Why is this a problem? People may chose to conceal their sexual orientation for a number of reasons, some of which have to do with social stigma involving their families, their communities or their places of work. Giving a tool that those interested in discriminating against gays can use to attempt to discover (or believe to discover) this information is not a socially-responsible act. In fact, it is disturbing that the ethics committee approved this research in the first place.
The best way to keep a secret is not to share it with anyone. Given the utility of social networking applications, however, not using them may not be an option for some people. A challenge to technologists interested in protecting online privacy: can tools be developed that suggest to users that their actions with respect to data sharing on SNSs may cause unintended consequences? Can we build tools that analyze a person’s Facebook page for known vulnerabilities? Is it revealing information that was not meant to be revealed?

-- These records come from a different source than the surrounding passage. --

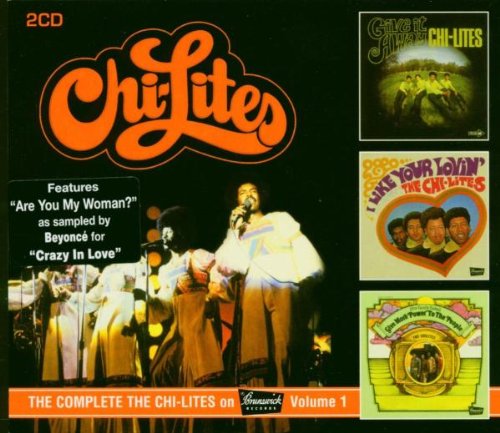 album the chi-lites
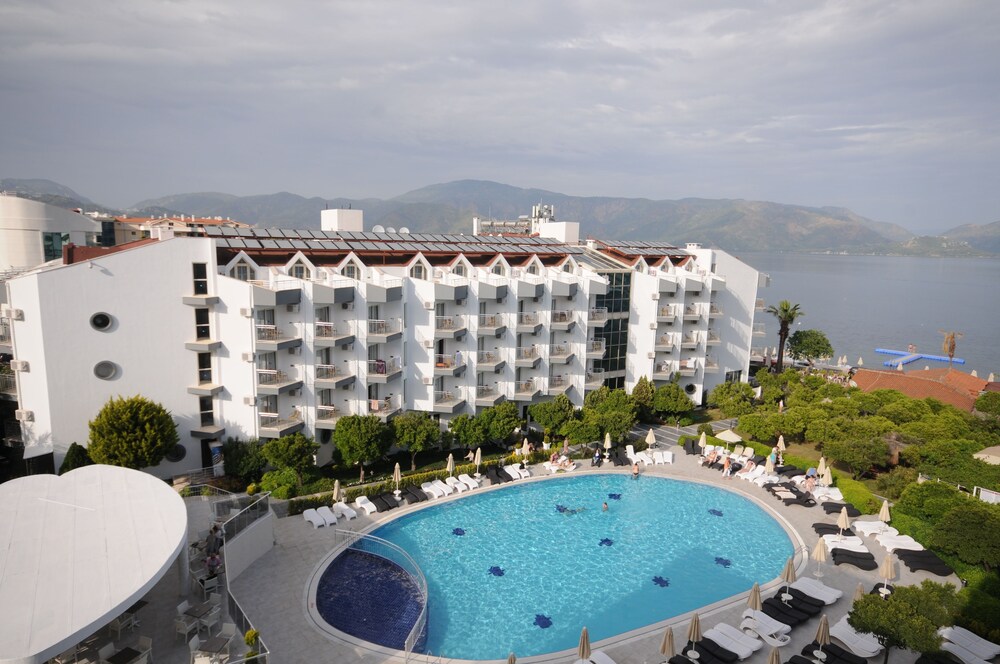 Luna Beach Hotel & Spa in Marmaris, Turkey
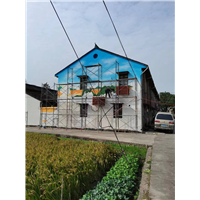 宁波古建彩绘
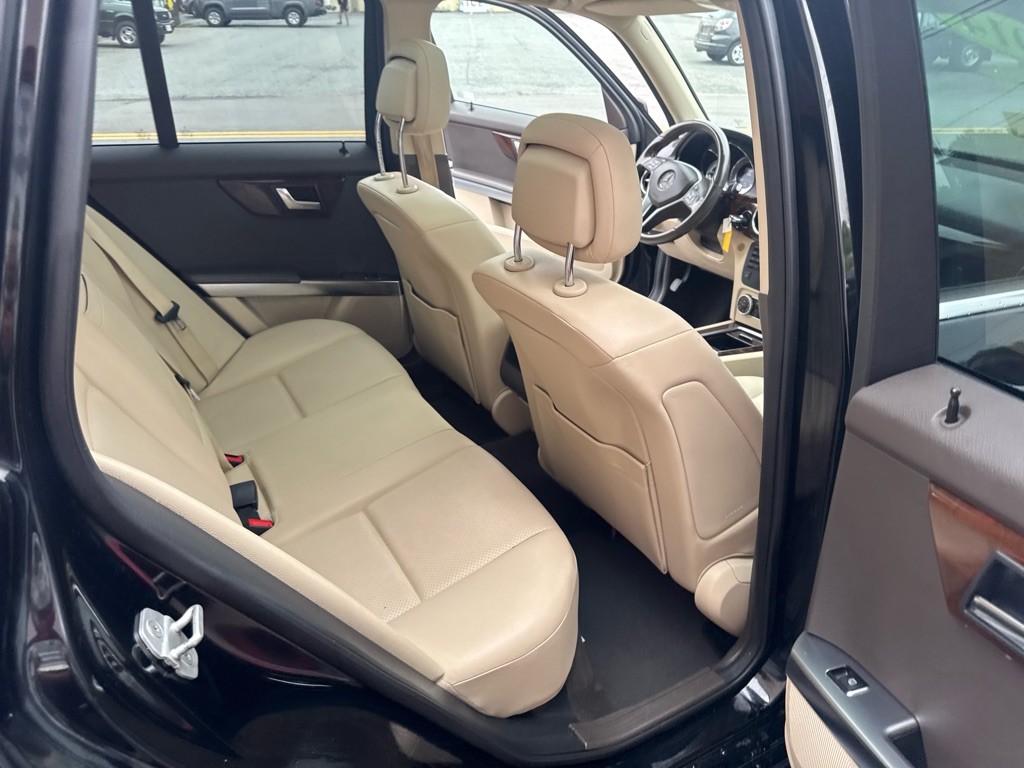 2014 Mercedes-Benz GLK-Class Image 22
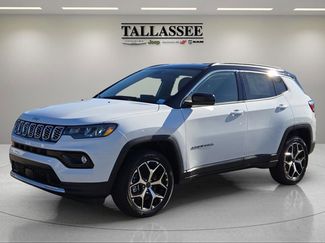 New 2026 Jeep Compass Limited video 1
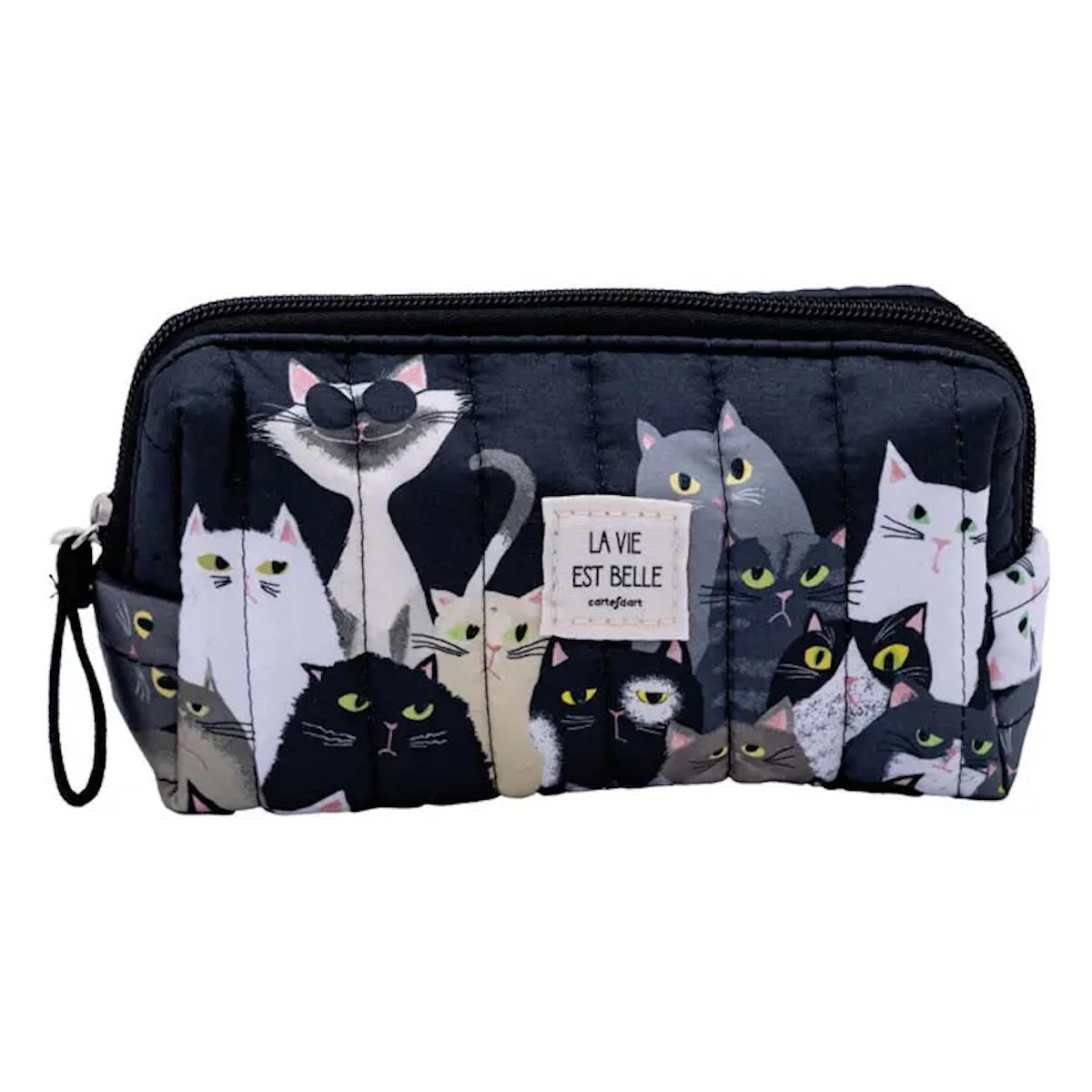 Trousse trapuntata GATTI TROUSSE TRAPUNTATA GATTI CARTESDART 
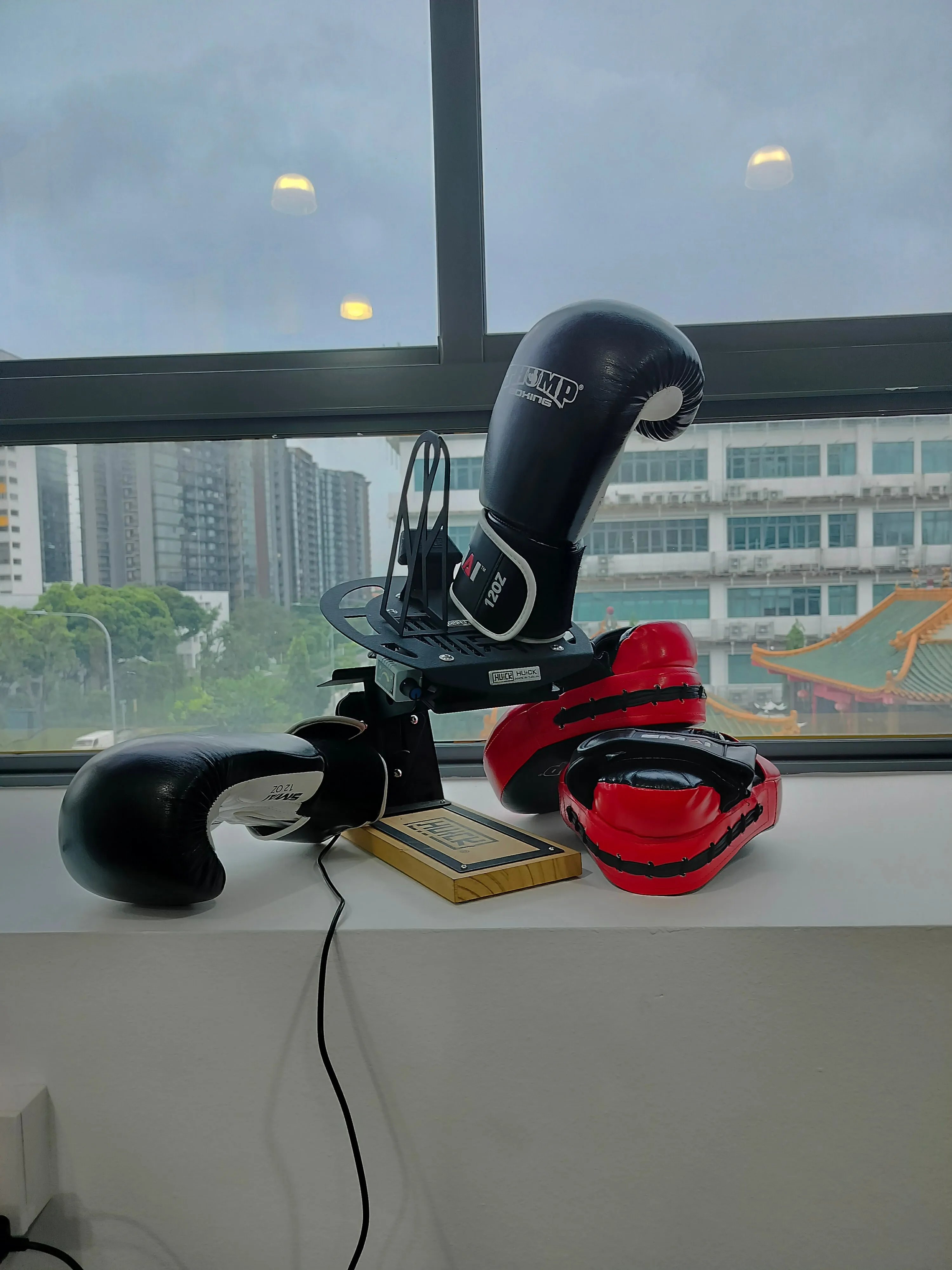 Glove Drying Rack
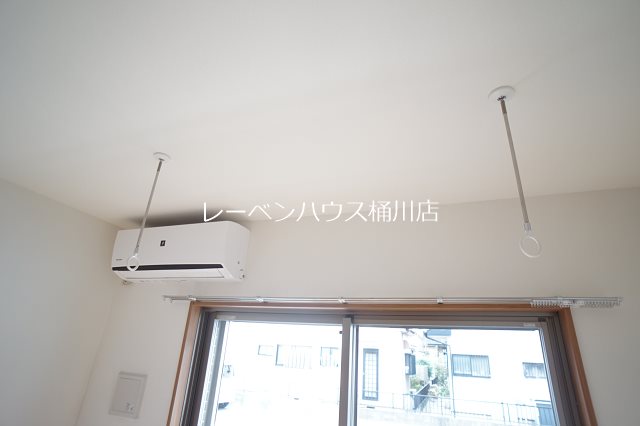 ソレイユ・スクワール その他設備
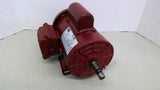 WEG 5018ES1RFDW56-S 1/2hp AC Motor 1800rpm 4p 56 115/230v Single Phase TEFC 60hz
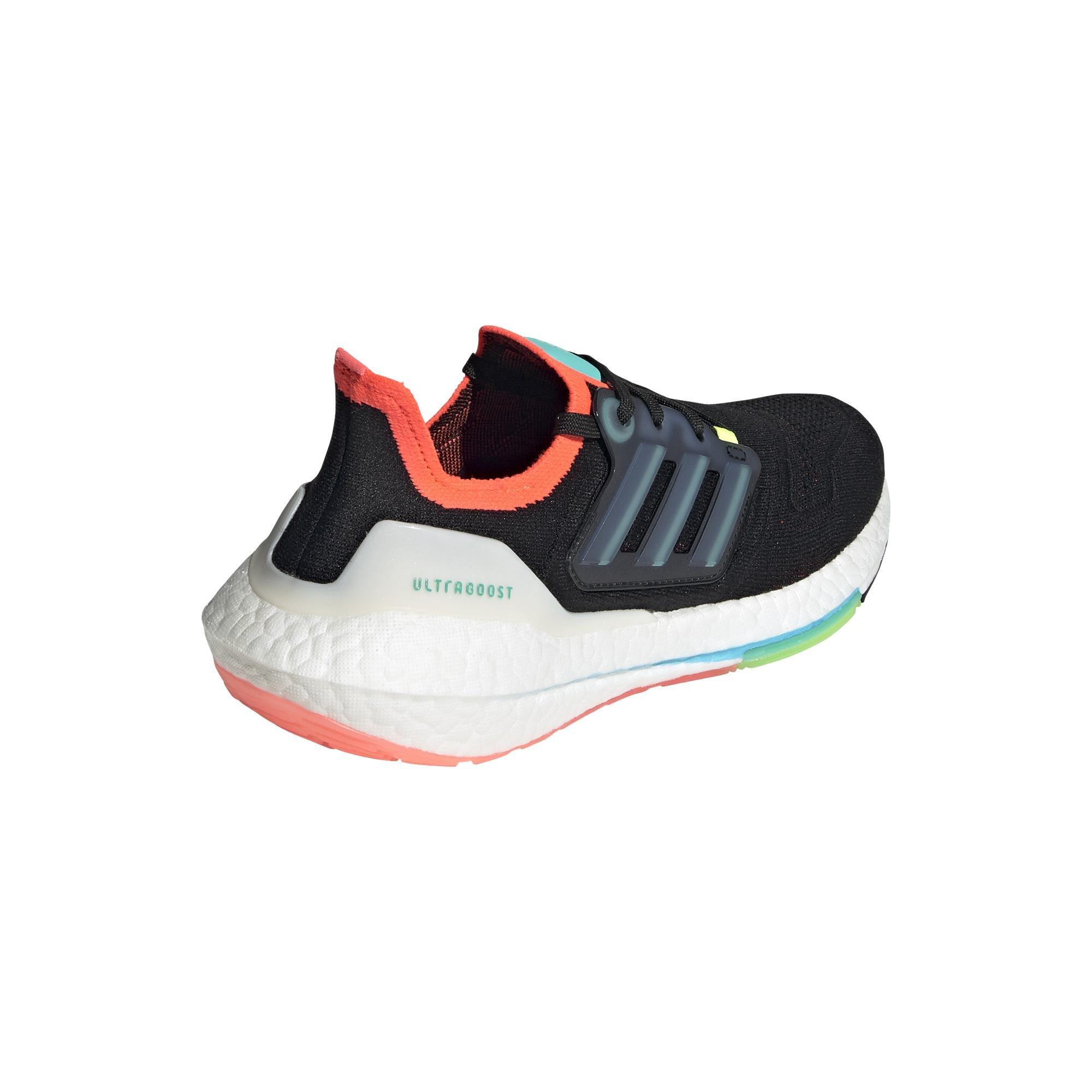 Ultraboost 22 Shoes, Black, A901_ONE, large image number 4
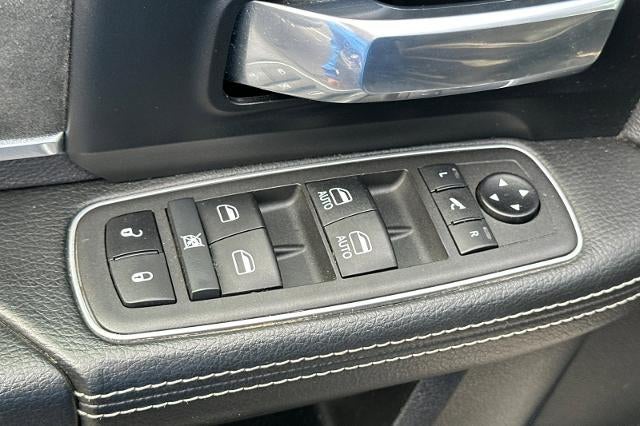 2021 RAM 2500 Laramie Crew Cab 4x4 6'4" Box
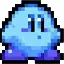 Blue Kirby logo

The analysis doesn’t have to be (and cannot possibly be) perfect, but some warnings that information you publish about yourself can be used in specific ways by the unscrupulous may cause at least some people to reflect on their decisions. Online privacy (or the lack thereof) is something we as a society have not yet come to grips with, but examples like this remind us that we need to take this issue seriously. Perhaps the MIT students who did this work might consider writing a Facebook App to educate people about potential consequences of their actions.They should do it quickly. How would it look if someone from Harvard beat them to it?